Hon. G. Heyman: As the member knows, there was a slight drop in park usage in 2017, but that’s primarily attributable to the wildfire season. That was a drop of about 3.7 percent in 2017 from a historic high level in 2016. Overall, total park attendance, which would be day visits and overnight visits as well, has been increasing on average at an annual rate of 3.9 percent over the past five years. Overnight camping attendance experienced a similar growth of 3.7 percent each year and reached approximately 2.9 million in 2017.
To manage some of that increased demand, we have implemented a reservation system in some back-country areas, as well as front-country camping, and we’re continuing to look for new mechanisms to enable us to manage demand as well as to meet peak summer season demand.
J. Sturdy: Does the minister have access to any statistics in the Sea to Sky region?
Hon. G. Heyman: Thank you to the member. I forgot to answer that part of the question.
We don’t at the moment. The assistant deputy minister is looking for it. We may not have it immediately, until the annual report, but we’d be happy to provide it to the member at the earliest opportunity.
J. Sturdy: I certainly recognize the reservation system and its implementation and its value. I think it provides certainty in the back countrysides, without question. It enhances the quality of people’s experience. Is there any consideration for extending the back-country reservation program to other parks or in greater areas of the Sea to Sky, in particular?
Hon. G. Heyman: Garibaldi Park was where the back-country reservation system was most extensively tested. We can anticipate, based on annual reviews of demand, that the system of back-country reservations will be extended to more parks, including in the member’s region.
J. Sturdy: Other than the reservation system, does the minister have any comments around the general approach to managing demand? A 3.6 to 4 percent demand is significant. I take it that number is a statistic from the province, overall. When we look at certain regions — which is why I’ll be interested in seeing what those numbers look like on the Sea to Sky — I expect that number is probably in excess of the provincial average.
But is there any other approach that the ministry is considering with regard to managing demand?

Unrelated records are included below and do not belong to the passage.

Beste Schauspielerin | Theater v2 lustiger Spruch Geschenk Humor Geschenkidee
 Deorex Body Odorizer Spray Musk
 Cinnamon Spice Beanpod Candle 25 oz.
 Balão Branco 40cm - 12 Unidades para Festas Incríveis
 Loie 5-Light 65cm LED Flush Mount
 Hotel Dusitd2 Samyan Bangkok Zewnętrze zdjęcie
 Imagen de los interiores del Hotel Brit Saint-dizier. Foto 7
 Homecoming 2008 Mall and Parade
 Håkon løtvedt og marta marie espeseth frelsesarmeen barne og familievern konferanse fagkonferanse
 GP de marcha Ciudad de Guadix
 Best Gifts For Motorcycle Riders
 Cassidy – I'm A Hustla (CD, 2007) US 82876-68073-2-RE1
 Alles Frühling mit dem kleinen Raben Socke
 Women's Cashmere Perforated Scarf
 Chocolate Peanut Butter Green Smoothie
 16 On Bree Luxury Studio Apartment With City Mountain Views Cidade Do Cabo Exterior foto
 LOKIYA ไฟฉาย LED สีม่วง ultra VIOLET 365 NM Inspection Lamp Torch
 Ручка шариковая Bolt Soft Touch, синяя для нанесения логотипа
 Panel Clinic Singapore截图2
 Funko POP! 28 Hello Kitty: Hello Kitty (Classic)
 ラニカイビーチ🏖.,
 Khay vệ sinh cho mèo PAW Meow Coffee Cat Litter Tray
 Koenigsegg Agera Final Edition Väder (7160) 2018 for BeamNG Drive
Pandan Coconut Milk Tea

Hon. G. Heyman: One of the classic tenets of meeting demand is to increase supply, so we are in the process of increasing supply. We’re increasing camping opportunities, with the investing of up to $22.9 million to add more than 1,900 new campsites over five years — 800 of which will be in provincial parks, and more than 1,000 will be in recreation sites.
In addition, we are doing some marketing to ensure that when people are looking at a camping opportunity in a really popular site, they may see a site not much further from them that has greater accessibility, and trying to make sure they’re aware of that so that they have an option for at least a second-choice camping opportunity.
The changes we’ve made to the reservation system have increased access for B.C. residents. By ensuring that some of the ways that people were using to kind of get around the intent of the reservation system…. Loopholes were closed, and we’ll continue to monitor that system. If it appears to us that there’s, again, a deepening problem for B.C. residents having access to camping opportunities, we may look at further measures to increase, again, access for B.C. residents for those camping opportunities.
J. Sturdy: Just some clarification. I think the minister said $22.9 million. Is that correct?
Hon. G. Heyman: Yes, that figure is correct. It’s for a five-year period. But to clarify, it’s not all going to B.C. Parks. Some of it is going to recreational sites outside of B.C. Parks, and trails.
J. Sturdy: Is Pinecone Burke mountain in the works, in terms of a priority for the development of camping opportunities?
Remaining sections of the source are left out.